## [Task directions]
The answer must be an exact copy of the lines from the one containing "Policía detiene a" through the end of the records, with the pictures left out.

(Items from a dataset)
'''
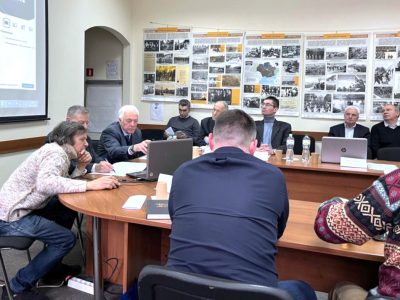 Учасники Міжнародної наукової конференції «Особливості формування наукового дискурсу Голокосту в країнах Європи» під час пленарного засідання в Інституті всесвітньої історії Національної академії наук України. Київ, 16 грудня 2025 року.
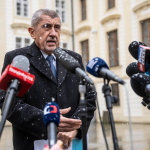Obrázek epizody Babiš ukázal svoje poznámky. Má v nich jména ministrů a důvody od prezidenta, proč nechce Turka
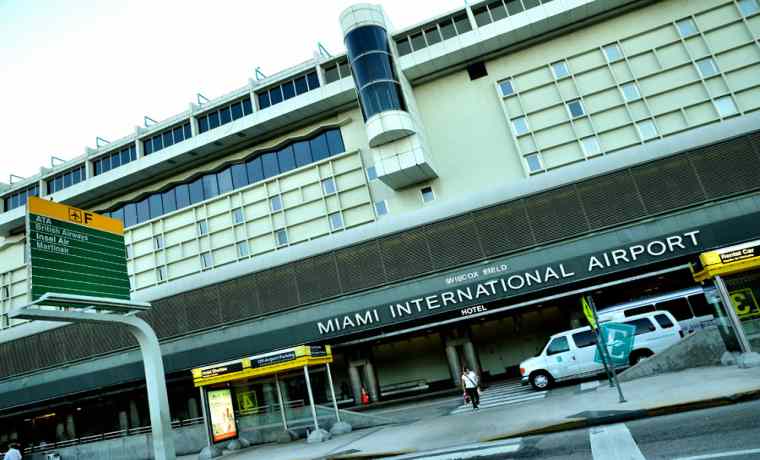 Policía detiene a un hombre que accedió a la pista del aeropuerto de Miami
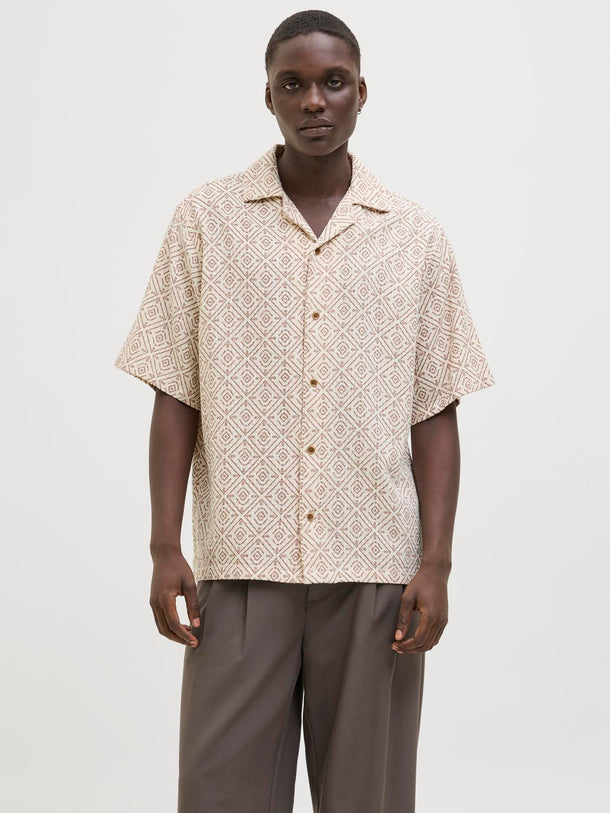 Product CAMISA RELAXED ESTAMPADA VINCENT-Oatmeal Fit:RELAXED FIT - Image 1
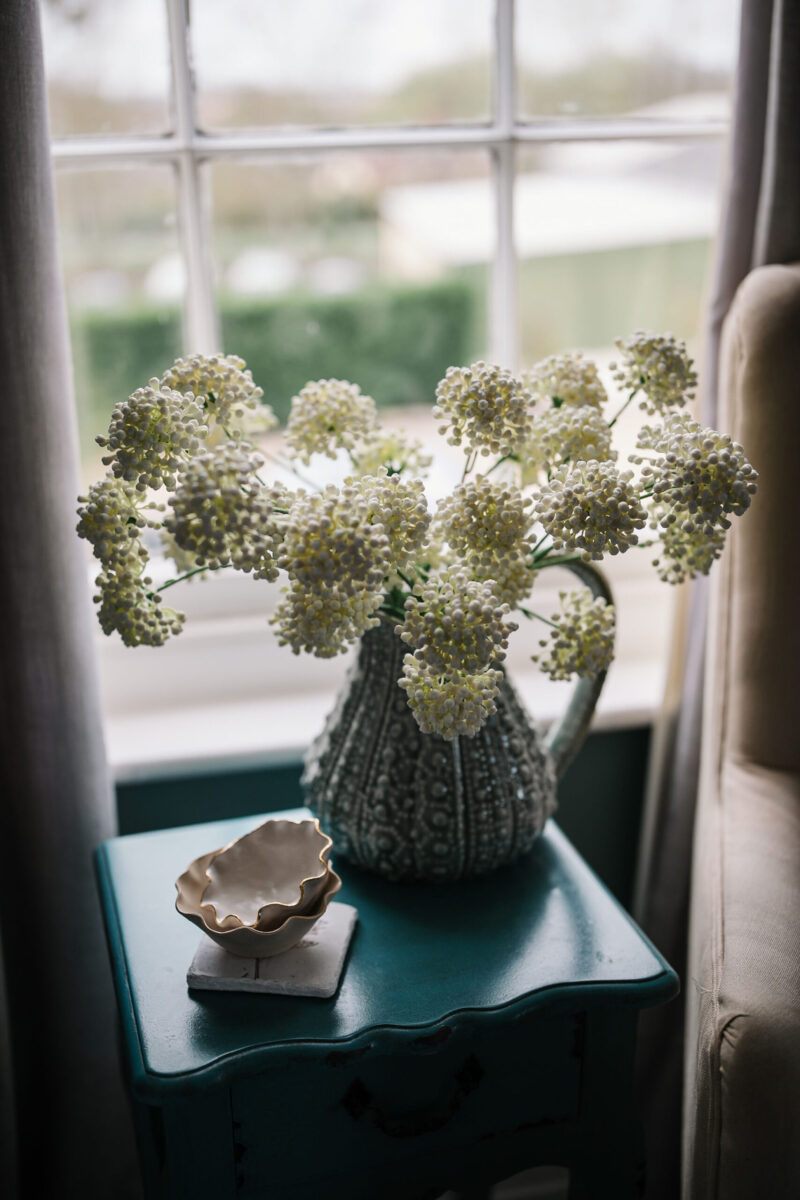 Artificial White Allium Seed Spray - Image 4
'''
## [Reply to the task]
 Policía detiene a un hombre que accedió a la pista del aeropuerto de Miami
 Product CAMISA RELAXED ESTAMPADA VINCENT-Oatmeal Fit:RELAXED FIT - Image 1
 Artificial White Allium Seed Spray - Image 4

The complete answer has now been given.